We have yet to say something about Bers' great passion for human rights. In fact this was anything but a sideline in his life and one could consider that he devoted himself full-time to both his mathematical work and to his work as a social reformer. Perhaps his views are most clearly expressed by quoting from an address he gave in 1984 when awarded an honorary degree by the State University of New York at Stony Brook:-
By becoming a human rights activist ... you do take upon yourself certain difficult obligations. ... I believe that only a truly even-handed approach can lead to an honest, morally convincing, and effective human rights policy. A human rights activist who hates and fears communism must also care about the human rights of Latin American leftists. A human rights activist who sympathises with the revolutionary movement in Latin America must also be concerned about human rights abuses in Cuba and Nicaragua. A devout Muslim must also care about human rights of the Bahai in Iran and of the small Jewish community in Syria, while a Jew devoted to Israel must also worry about the human rights of Palestinian Arabs. And we American citizens must be particularly sensitive to human rights violations for which our government is directly or indirectly responsible, as well as to the human rights violations that occur in our own country, as they do.

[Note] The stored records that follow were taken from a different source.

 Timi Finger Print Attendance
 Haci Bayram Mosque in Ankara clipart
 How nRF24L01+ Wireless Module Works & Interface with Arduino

Bers received many honours for his contributions in addition to those we have mentioned above. He was elected to the American Academy of Arts and Sciences, to the Finnish Academy of Sciences, and to the American Philosophical Society. He served the American Mathematical Society in several capacities, particularly as Vice-President (1963-65) and as President (1975-77). The American Mathematical Society awarded him their Steele Prize in 1975. He received the New York Mayor's award in Science and Technology in 1985. He was an honorary life member of the New York Academy of Sciences, and of the London Mathematical Society.